(Scraped caption text data)
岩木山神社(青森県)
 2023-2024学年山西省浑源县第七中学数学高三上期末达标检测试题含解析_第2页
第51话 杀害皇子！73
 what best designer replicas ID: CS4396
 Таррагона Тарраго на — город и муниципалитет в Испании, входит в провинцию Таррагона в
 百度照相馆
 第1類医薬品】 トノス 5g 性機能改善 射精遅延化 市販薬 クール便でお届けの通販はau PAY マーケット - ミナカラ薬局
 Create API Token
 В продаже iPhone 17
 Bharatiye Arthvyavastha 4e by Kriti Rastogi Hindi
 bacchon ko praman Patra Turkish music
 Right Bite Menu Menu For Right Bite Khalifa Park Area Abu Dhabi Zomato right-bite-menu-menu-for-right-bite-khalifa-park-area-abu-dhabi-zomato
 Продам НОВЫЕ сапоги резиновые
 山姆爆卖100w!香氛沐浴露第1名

Exercise brief
Return the entries above, every line intact.

Answer below
岩木山神社(青森県)
 2023-2024学年山西省浑源县第七中学数学高三上期末达标检测试题含解析_第2页
第51话 杀害皇子！73
 what best designer replicas ID: CS4396
 Таррагона Тарраго на — город и муниципалитет в Испании, входит в провинцию Таррагона в
 百度照相馆
 第1類医薬品】 トノス 5g 性機能改善 射精遅延化 市販薬 クール便でお届けの通販はau PAY マーケット - ミナカラ薬局
 Create API Token
 В продаже iPhone 17
 Bharatiye Arthvyavastha 4e by Kriti Rastogi Hindi
 bacchon ko praman Patra Turkish music
 Right Bite Menu Menu For Right Bite Khalifa Park Area Abu Dhabi Zomato right-bite-menu-menu-for-right-bite-khalifa-park-area-abu-dhabi-zomato
 Продам НОВЫЕ сапоги резиновые
 山姆爆卖100w!香氛沐浴露第1名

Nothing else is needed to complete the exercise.